The mathematical structure of this system lends itself to analysis of what is known as the transient period from when the system starts out empty and ramps up to some stochastic steady state. The transient occupancy distribution is Poisson with a time dependant mean value function, \(q(t)=(1-e^{-t/b})ab\), where \(a\) is the mean arrival rate of patients and \(b\) is their average length of stay (by Little’s Law, \(ab\) is the average occupancy). As \(t\) gets large, the occupancy distribution converges to the Poisson distribution and \(q(t) \xrightarrow{} ab\). So we can use the \(1-e^{-t/b}\) term to estimate how long (the value of \(t\)) it will take until this term is sufficiently close to 1. Setting this term equal to \(1-\alpha\), where \(\alpha\) is the distance away from one and solving for \(t\) gives a rough estimate of the warmup time, \(t^*\).

\[t^* = -b\ln(\alpha)\]

We can use this to set start_analysis_dt to some value at least \(t^*\) days beyond your earliest arrival date in your stop data.

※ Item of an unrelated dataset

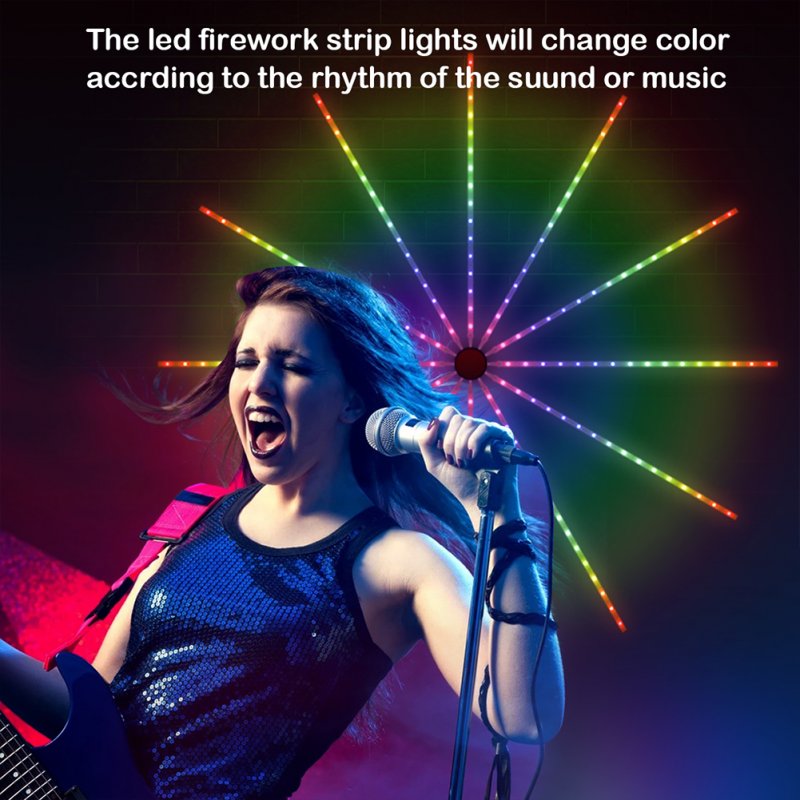 Intelligent Symphony RGB Firework-Lamp 3 Control Methods Bluetooth-compatible Led Strip Lights For Indoor Holiday Decorations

In the plot below, we show how \(t^*\) varies based on the average length of stay (\(b\)) for \(\alpha = 0.001\).

import numpy as np
from matplotlib import pyplot as plt
alpha = 0.001
b = np.linspace(start = 0.1, stop = 10.0)

t_star = -np.log(alpha) * b 

fig1 = plt.figure()
ax1 = fig1.add_subplot(1, 1, 1)
ax1.set_xlabel('Average length of stay (b)')
ax1.set_ylabel('Warmup days')
plt.title(r'$\alpha = 0.001$')
plt.suptitle(r'Warmup days based on $M/M/\infty$ approximation')
plt.grid(visible=True)

plt.plot(b, t_star);
_images/065d1fa45aebc197f60ea502b9bea17f1c0177966cf7bc995177eca5da85c6d4.png

Horizon effects#

Much like the warmup issue just described, if your stop data is based solely on departures during some date range, occupancy will be affected near the end_analysis_dt by those records with departure times after that date. Again, the way to avoid this is during the creation of the stop dataset by selecting records with departures after the start_analysis_dt AND arrivals before the end_analysis_dt. If that’s not possible, then you can use the same warmup time adjustment (now it’s a decay of occupancy) but subtract it from the last date for which you have departures in your data.